Increasing cooperation

The meeting between the two Deputy Ministers looked into matters of bilateral and multilateral concern, including peace and security issues, particularly in the Middle East and Africa.

They also reviewed the status of relations and renewed their commitment to increase cooperation across various fields.

With South Africa celebrating 20 years of democracy, Deputy Minister Mfeketo used the opportunity to thank Iran for supporting the people of South Africa in their struggle against apartheid.

She said South Africa considered Iran as an important friend and influential global player.

“South Africa recognises that the Islamic Republic of Iran is a pivotal and influential player in its region as well as internationally. Iran has a rich history and a vibrant culture.
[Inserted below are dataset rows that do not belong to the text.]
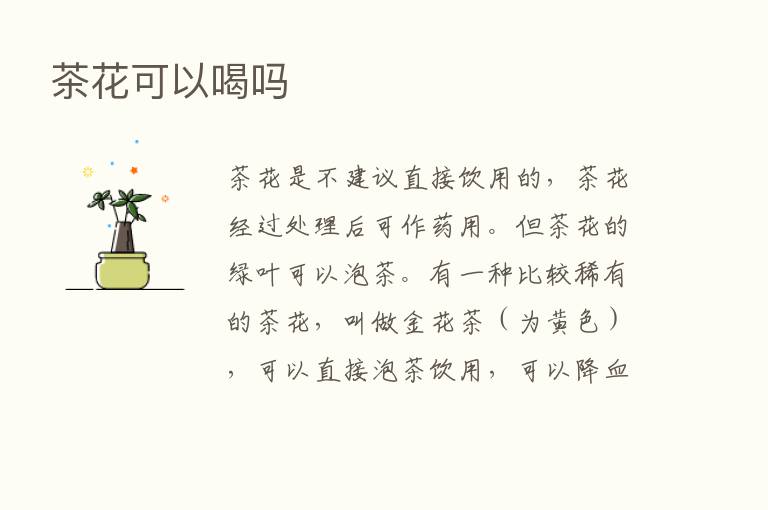 茶花可以喝吗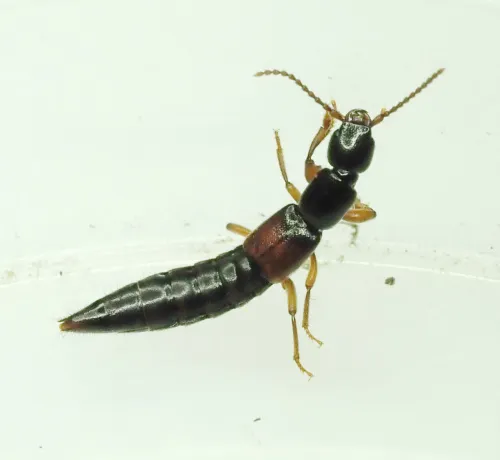 Lathrobium geminum - photo 6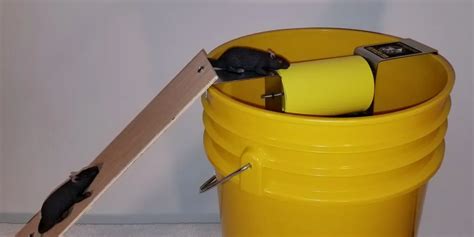 Bucket Mouse Traps Five Gallon Ideas 60 Off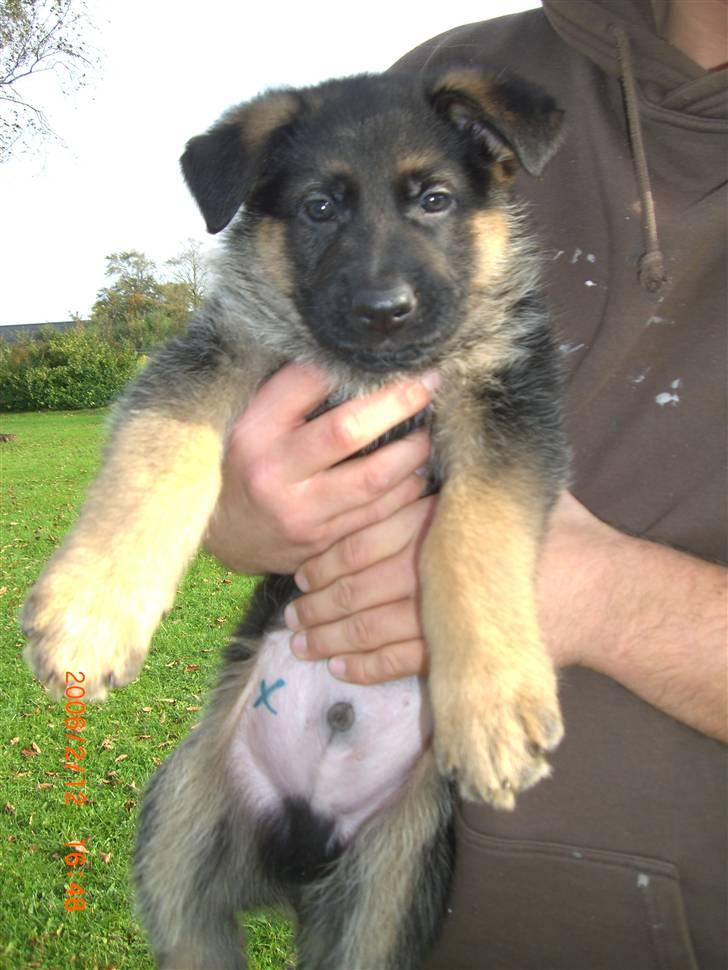 Schæferhund Sandkærgårds Lajco billede 3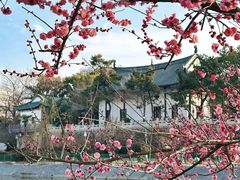 -月湖风景区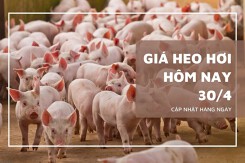 Giá heo hơi hôm nay 30/4: Giảm rải rác, Cà Mau và Bến Tre duy trì đỉnh 75.000 đồng/kg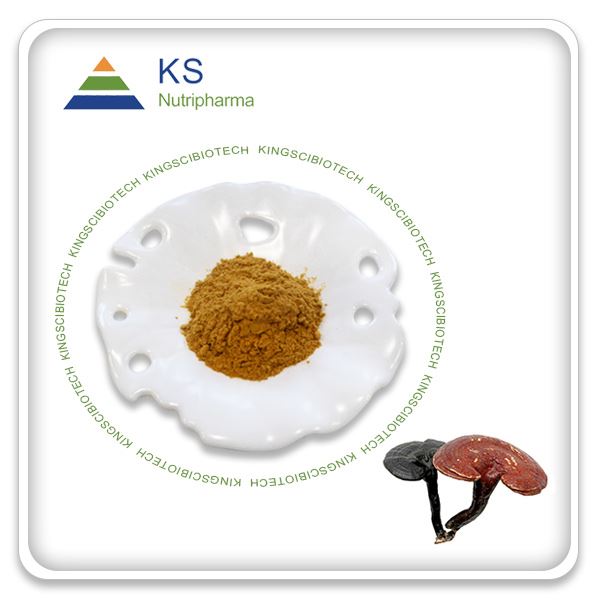 Reishi Mushroom Extract: A Review of the 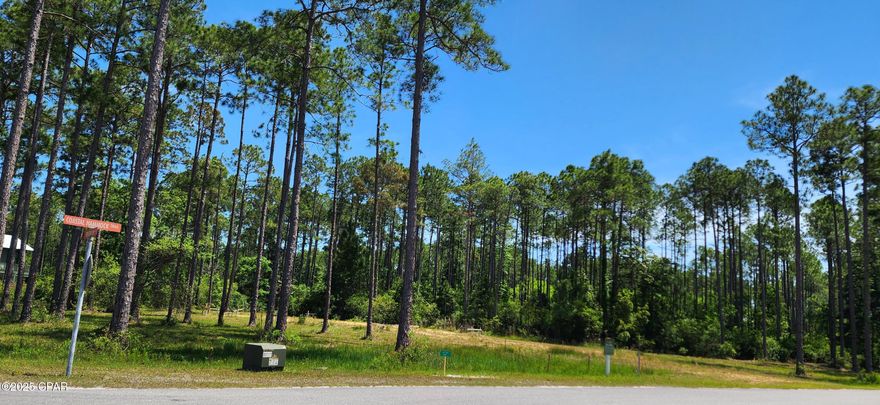 Beautiful large corner building lot on paved road with improvements, surveyed, cleared, fill brought in for the building pad, and utilities established.  Rivercamps is a restricted development that is secluded in a natural setting with natural wooded buffers, large lots, and an abundance of wildlife.  Meandering paved roads, walking and nature trails, private marina, dock, pool and pavilion, and access to Crooked Creek and West Bay.  Coming soon will be the rebuild of the community Riverhouse.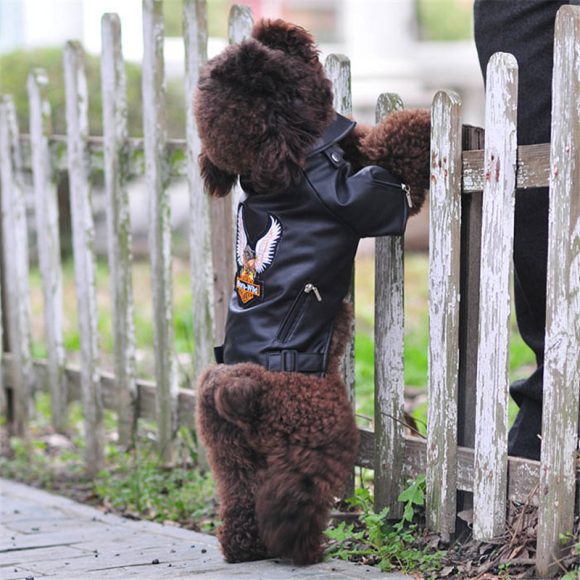 Dog coat - Image 6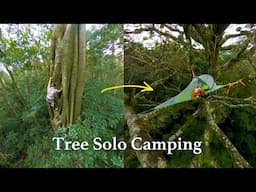 Solo climbing a giant strangler fig tree and camping in it overnight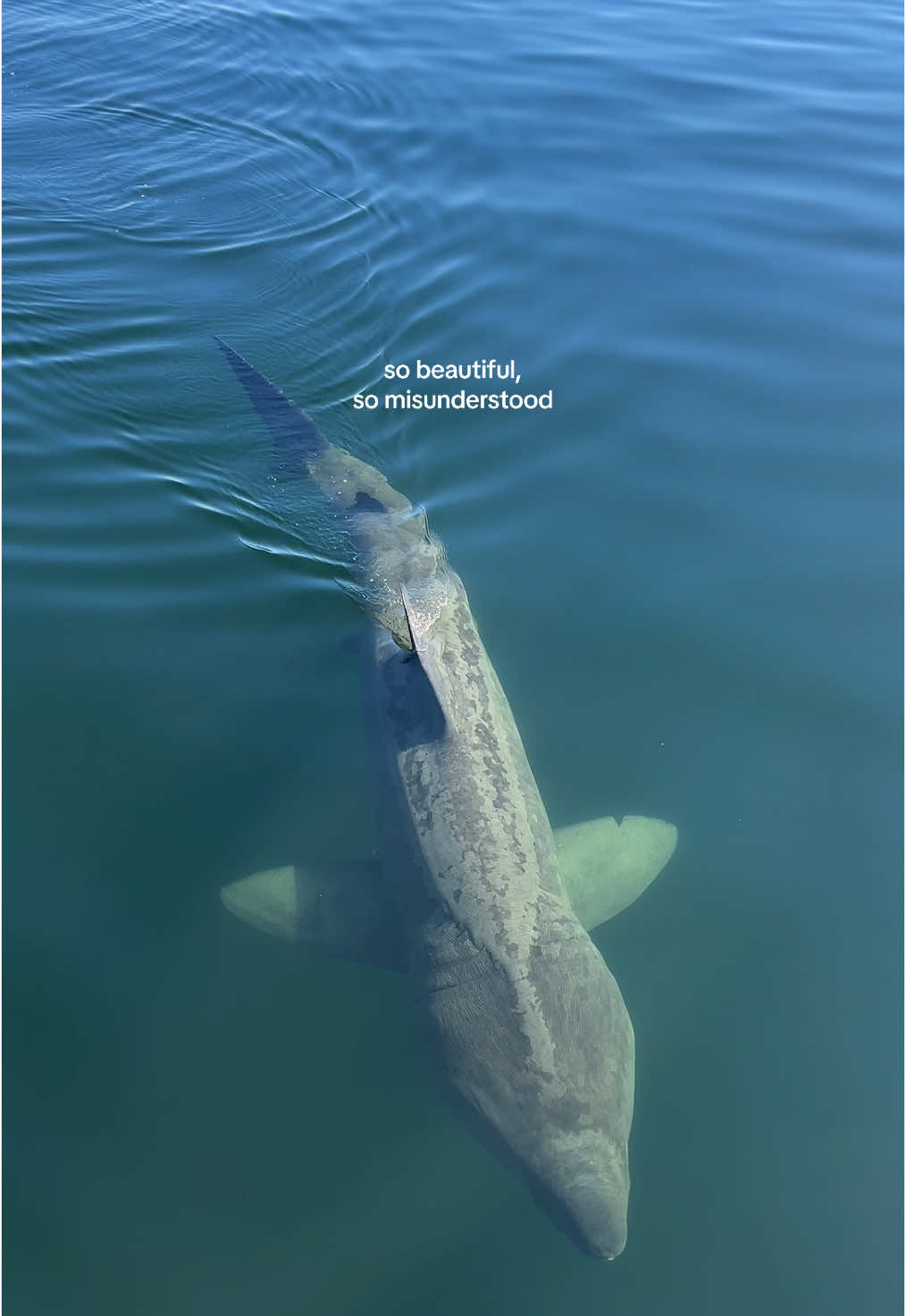 the gentle giants of the sea,  incredible creatures🦈🤍 🌊#baskingsharks #ireland #shark #marinebiology 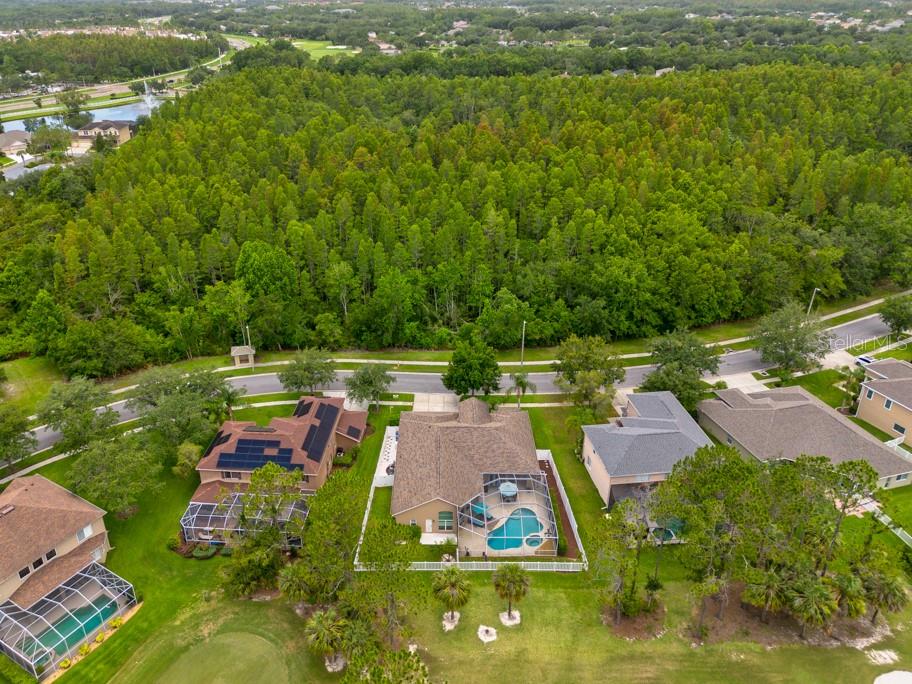 Image 49 of 59 For 10532 Plantation Bay Drive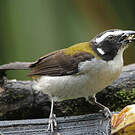 Saltator à ailes noires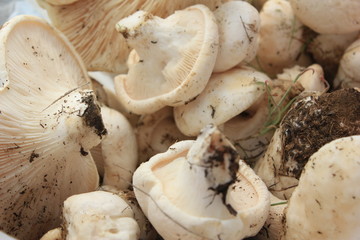 Mushroom picking, fresh mushrooms, raw mushrooms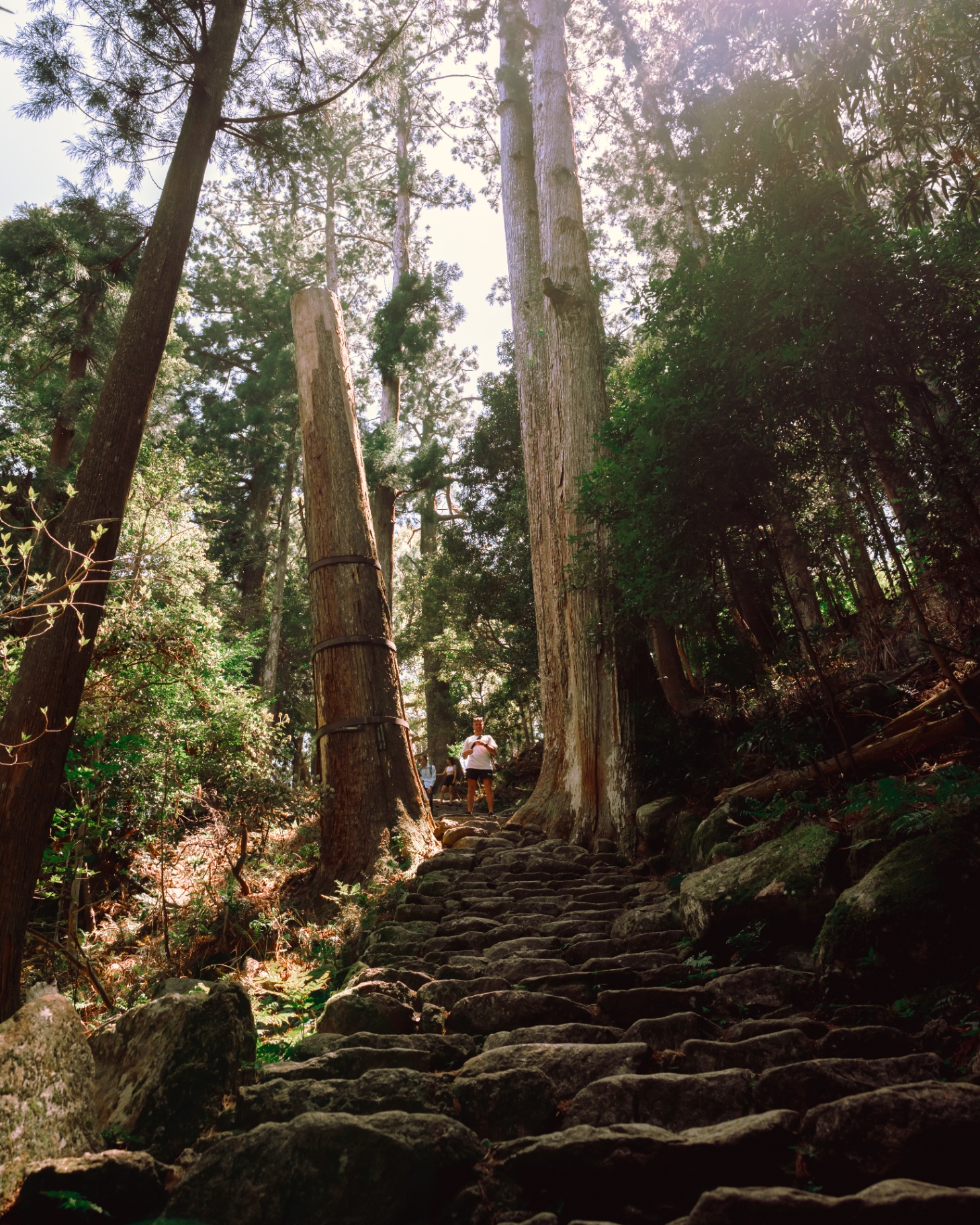 Sentier de pierres dans une forêt de cèdres au Japon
It has a large and growing economy.”

Deputy Minister Mfeketo said South Africa can also draw lessons from Iran in implementing the country’s five national priorities, which are education, health, the fight against crime, creating decent work, as well as rural development and land reform.

Iran has excelled in some of these fields, particularly education and health.

Bilateral trade with Iran in 2013 amounted to R211 million.

Total imports from Iran amounted to R48.6 million and total exports to Iran amounted to R162.6 million.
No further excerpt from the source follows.